Currently supports PostgreSQL with S3-compatible and SSH storage. Designed to easily add new database engines (MySQL, MongoDB, etc.).

Features

  • Encryption at rest — pluggable encryption layer (age, GPG, AES-256-GCM) between dump and upload
  • Multi-engine architecture — pluggable database backends via the engines/ package
  • Multiple storage backends — S3-compatible (AWS S3, Cloudflare R2, MinIO) and SSH/scp
  • GFS retention — Grandfather-Father-Son pruning (keep_last, daily, weekly, monthly, yearly) with dry-run support
  • Multi-version PostgreSQL — use different pg_dump/psql versions per datasource
  • Secret management — resolve credentials from environment variables using *_env keys
  • Restore with safety checks — integrity verification and user confirmation before overwriting databases
  • Backup verification — optional post-backup download and integrity check
  • Upload integrity — S3 uploads verified by comparing local/remote file sizes
  • SHA256 checksums — sidecar .sha256 files uploaded alongside backups, verified on restore
  • Retry with backoff — configurable retry attempts with exponential backoff per job
  • Email notifications — notify on success, failure, or always; supports multiple recipients
  • Parallel execution — run multiple backup jobs concurrently with --parallel N
  • Dry-run mode — preview what prune would delete without actually deleting
  • Summary logging — per-job timing and success/failure counts for multi-job runs
  • Security — minimal environment for subprocesses, shell-escaped SSH commands, file permissions checks

Project Structure

dbbackup/
├── dbbackup.py            # CLI entrypoint
├── config.py              # YAML config loading and validation
├── backup.py              # Backup orchestrator
├── restore.py             # Restore orchestrator
├── retention.py           # GFS retention algorithm
├── utils.py               # Shared utilities (sha256, format_size)
├── engines/
│   ├── __init__.py        # Engine ABC + factory
│   └── postgres.py        # PostgreSQL engine (pg_dump/psql)
├── stores/
│   ├── __init__.py        # Store ABC + factory + parse_timestamp
│   ├── s3.py              # S3-compatible storage (boto3)
│   └── ssh.py             # SSH/scp storage
├── encryptors/
│   ├── __init__.py        # Encryptor ABC + factory
│   ├── age.py             # Age encryption (recommended)
│   ├── gpg.py             # GPG encryption
│   └── aes256gcm.py       # AES-256-GCM (pure Python)
├── notifiers/
│   ├── __init__.py        # Notifier ABC + factory
│   └── email.py           # Email notification (SMTP)
├── tests/                 # Unit tests (390+ tests)
├── config.example.yaml    # Example configuration
├── Dockerfile             # Production image
├── .dockerignore          # Excludes tests, docs, etc. from image
└── requirements.txt       # Python dependencies

Setup

# Build with PostgreSQL 17 client (default)
docker build -t dbbackup .

# Build with multiple PostgreSQL client versions
docker build --build-arg PG_VERSIONS="14 17" -t dbbackup .

Configuration

Copy and edit the example config:

cp config.example.yaml config.yaml

The config file has five sections: datasources, stores, notifications (optional), encryption (optional), and jobs.

Datasources

Define database connections.

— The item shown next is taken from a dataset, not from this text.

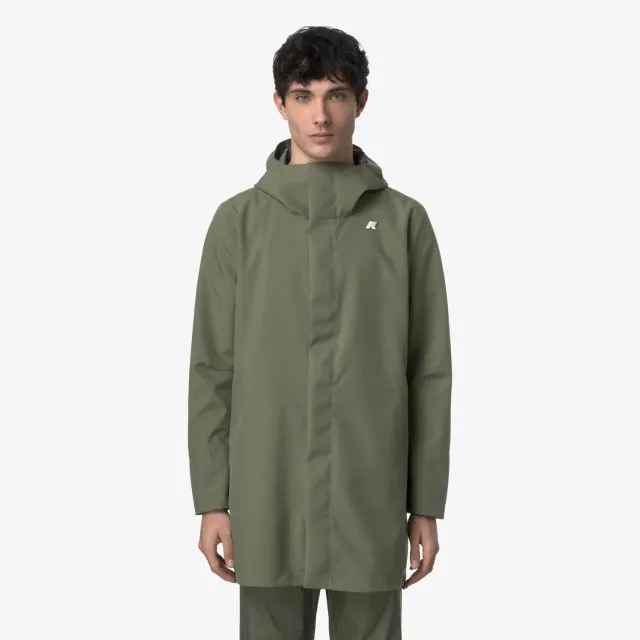 K-Way Tommy palton barbati 3/4 verde impermeabil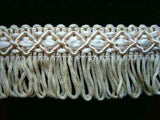FT1256 32mm Cream and Ivory Looped Fringe on a Decorated Braid - Ribbonmoon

Each datasource requires an engine field:

datasources:
  appdb:
    engine: postgres
    host: db.example.com
    port: 5432
    user: postgres
    password_env: APPDB_PASSWORD    # reads $APPDB_PASSWORD at runtime
    database: appdb
    pg_version: 17                  # optional: use versioned pg_dump binary
    timeout: 3600                   # optional: subprocess timeout in seconds

Dump Format & Compression

Each datasource supports optional format, compression, and compression_level options:

Option Values Default Description
format plain, custom plain plain = SQL text (restored with psql); custom = binary (restored with pg_restore)
compression gzip, zstd, lz4, none gzip External compressor piped after pg_dump
compression_level integer (1-19) tool default Passed as level flag to the compressor (gzip=6, zstd=3, lz4=1)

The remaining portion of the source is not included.